Ulama
Nusantara: Generasi Penerus Perkembangan Islam di Nusantara (13)
K.H AHMAD DAHLAN
Ahmad Dahlan
dilahirkan di Yogyakarta pada tahun 1868 M dengan nama Muhammad Darwis, anak
dari seorang Kyai Haji Abubakar bin Kyai Sulaiman, khatib di masjid sulthan
kota itu. Ibunya
adalah Siti Aminah binti Kyai Haji Ibrahim, penghulu besar di Yogyakarta. Muhammad Darwis adalah anak ke empat dari tujuh bersaudara. Adapun
saudara Muhammad Darwis menurut urutannya adalah: (1) Nyai Chatib Arum, (2)

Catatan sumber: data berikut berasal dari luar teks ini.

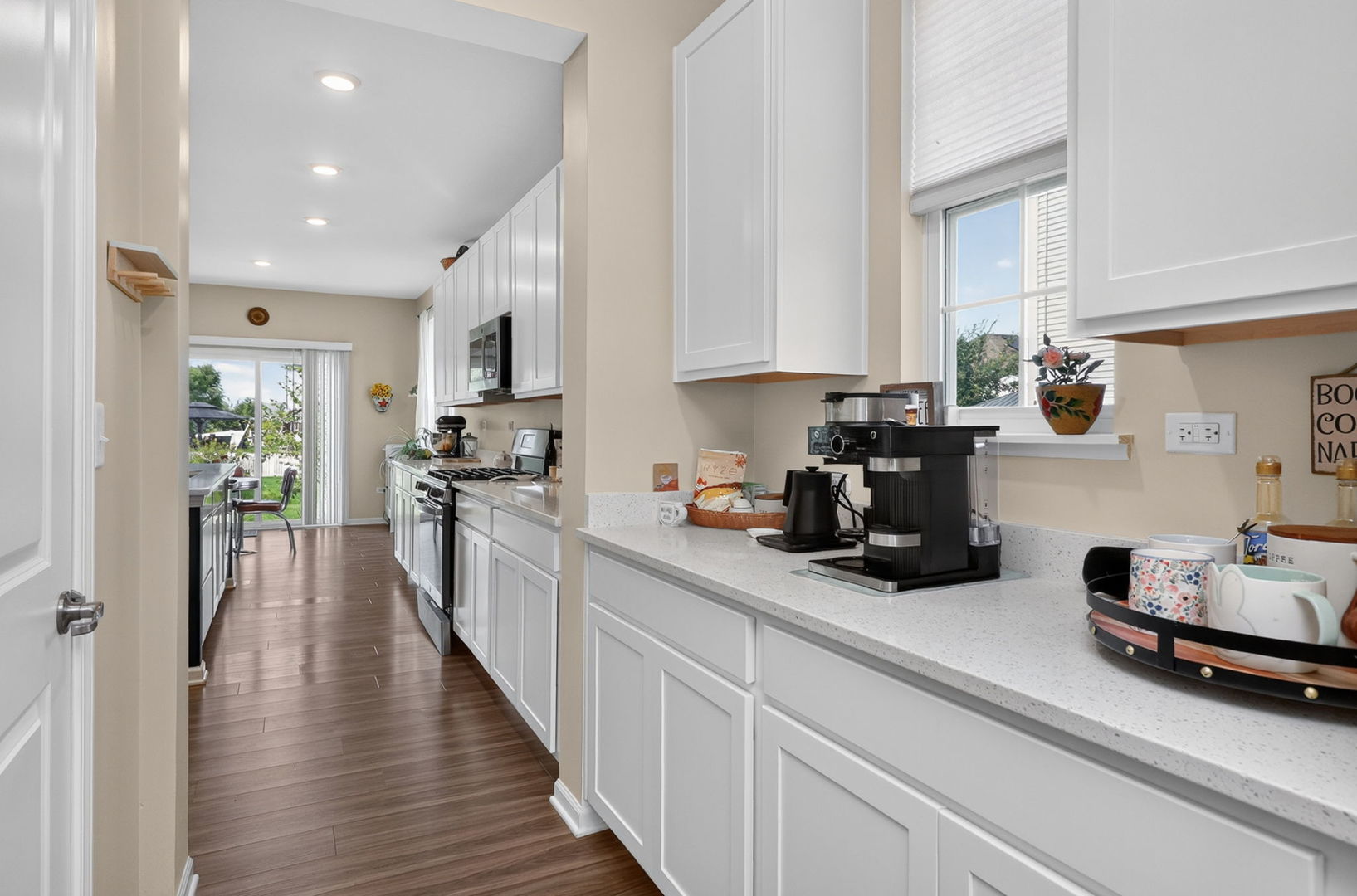 16156 S Lake View Road Property Photo 4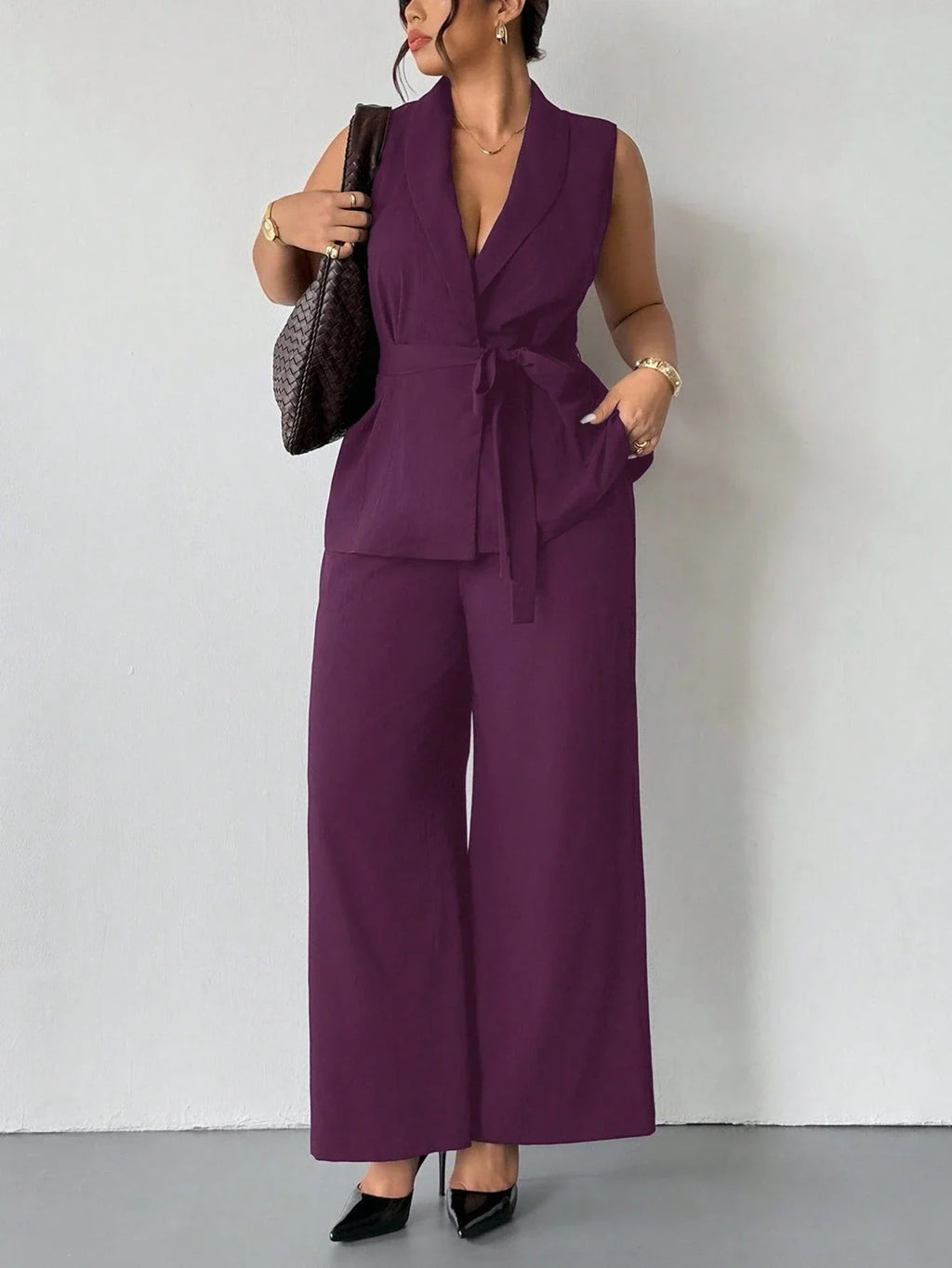 Conjunto Plus Size Alfaiataria Colete e Calça Pantalona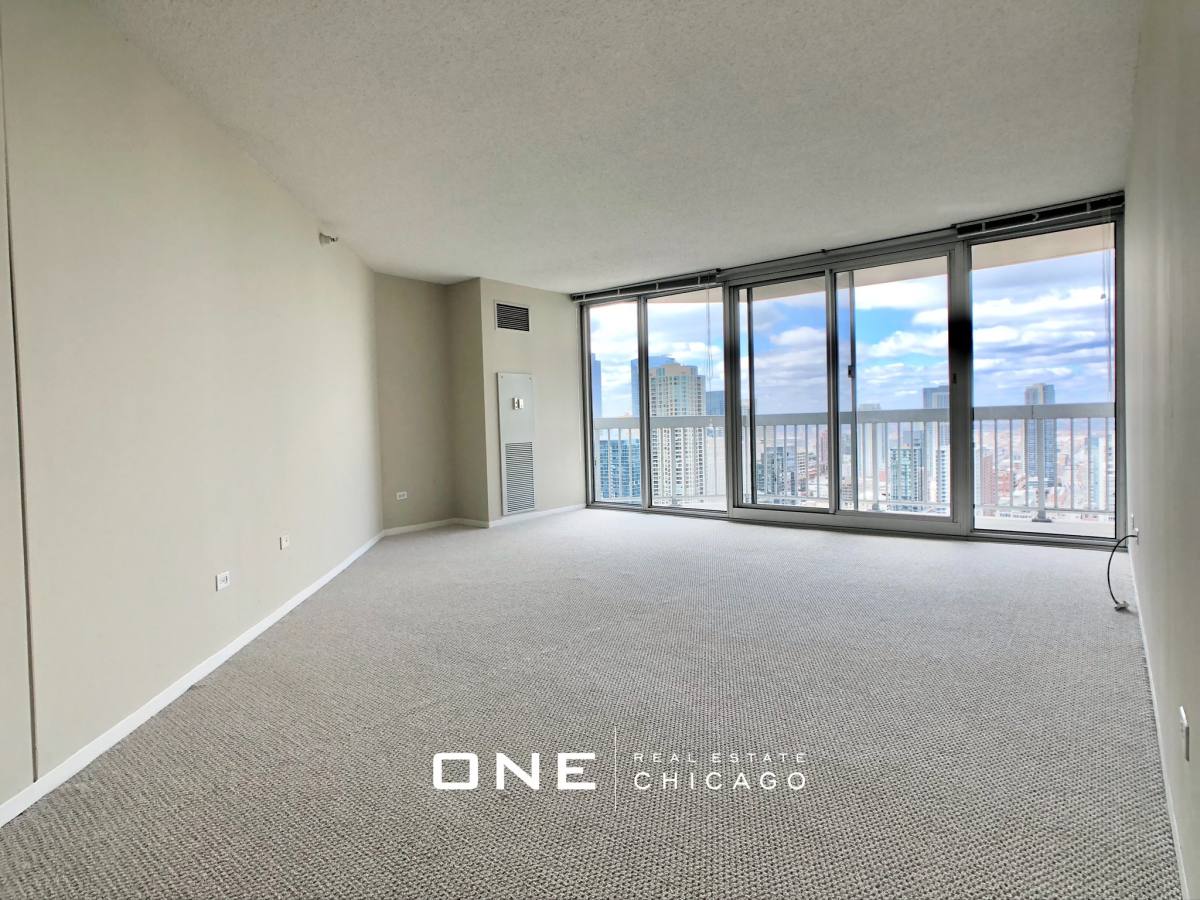 Apartment for rent at 528 N State 1, Chicago, IL 60654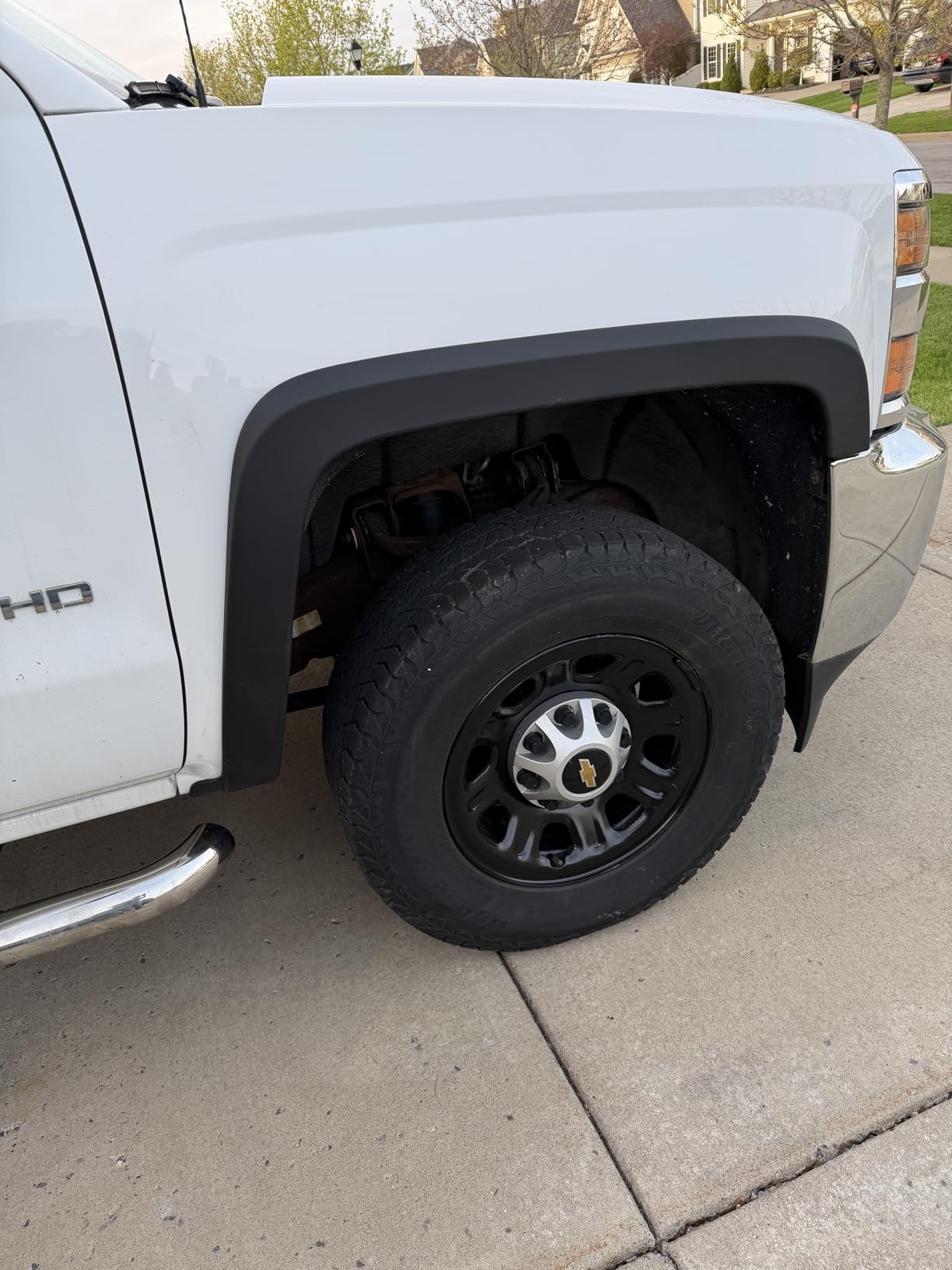 Tyger Auto Fender Flare Compatible with 2014-2018 Chevy Silverado 1500; 2015-2019 2500 3500HD 6.5' & 8' Bed, Fine-Textured Black Paintable Factory Style 6pc | TG-FF6C4368 customer photo 2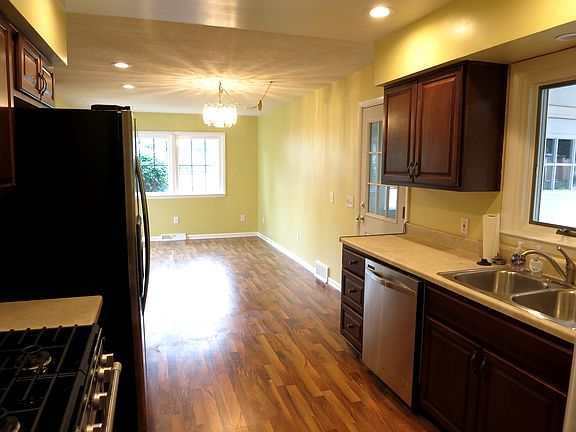 3rd image of 3332 Glasgow Dr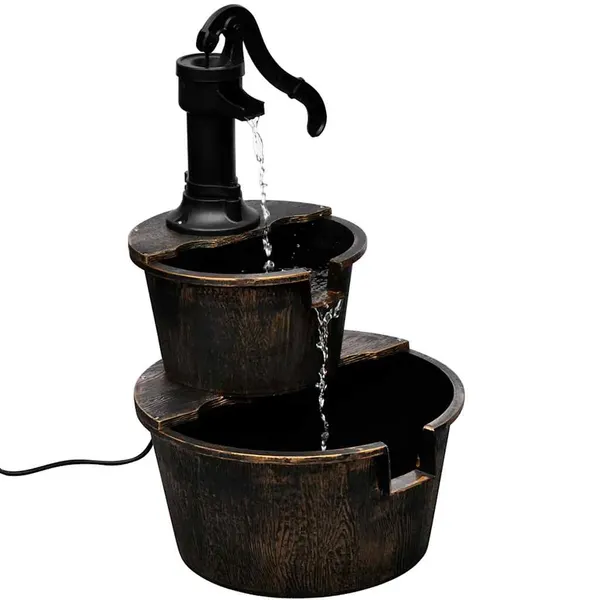 Fonte de parede com design de bomba manual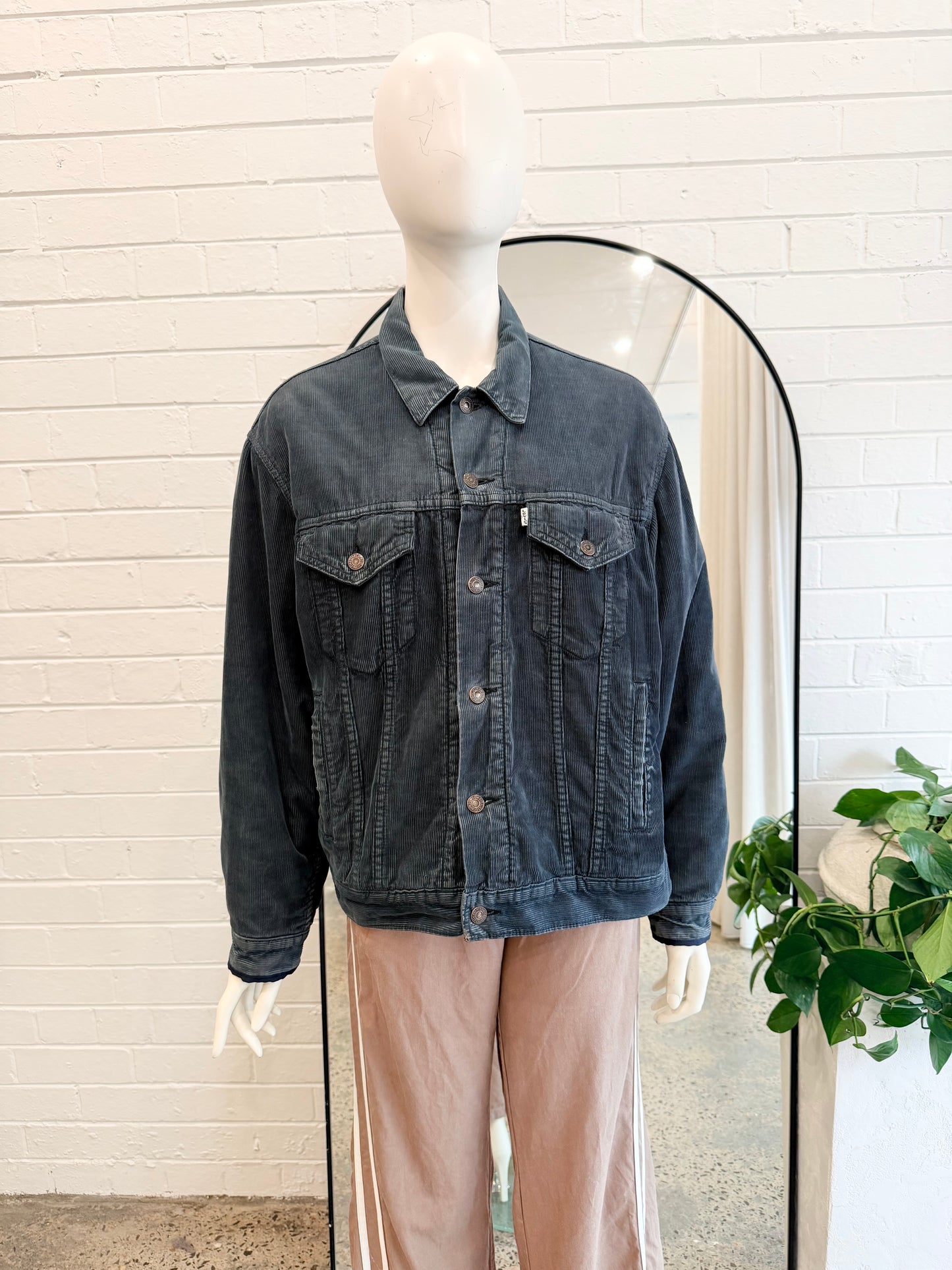 Levi's Corduroy Jacket in Blue - Size M (12)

Nyai Muhsinah (Nyai Nur), (3) Nyai H. Sholeh, (4) M. Darwis (K.H.A. Dahlan),
(5) Nyai Abdurrahman, (6) Nyai H. Muhammad Fekih (Ibu H. Ahmad Badawi), dan (7)
Muhammad Basir.
Muhammad Darwis lahir dan dibesarkan di daerah Yogyakarta, yang terkenal
dengan nama kampung Kauman. Kauman secara populer kemudian menjadi nama dari
setiap daerah yang berdekatan letaknya dengan masjid, dan kampung
Kauman dikenal anti dengan penjajah. Suasana seperti ini tidak memungkinkan bagi Muhammad Darwis untuk
memasuki sekolah yang dikelola oleh pemerintah penjajah. Pada waktu itu
siapa yang memasuki sekolah Gubernamen, yaitu sekolah yang diselenggarakan
oleh pemerintah jajahan, dianggap kafir atau kristen. Sebab itu
Muhammad Darwis tidak menuntut ilmu pada sekolah Gubernamen, ia mendapatkan
pendidikan, khususnya pendidikan keagamaan dari ayahnya sendiri.
Setelah
menginjak dewasa, Muhammad Darwis mulai membuka kebetan kitab mengaji
kepada K.H. Muhammad Saleh dalam bidang pelajaran ilmu Fiqih dan kepada K.H.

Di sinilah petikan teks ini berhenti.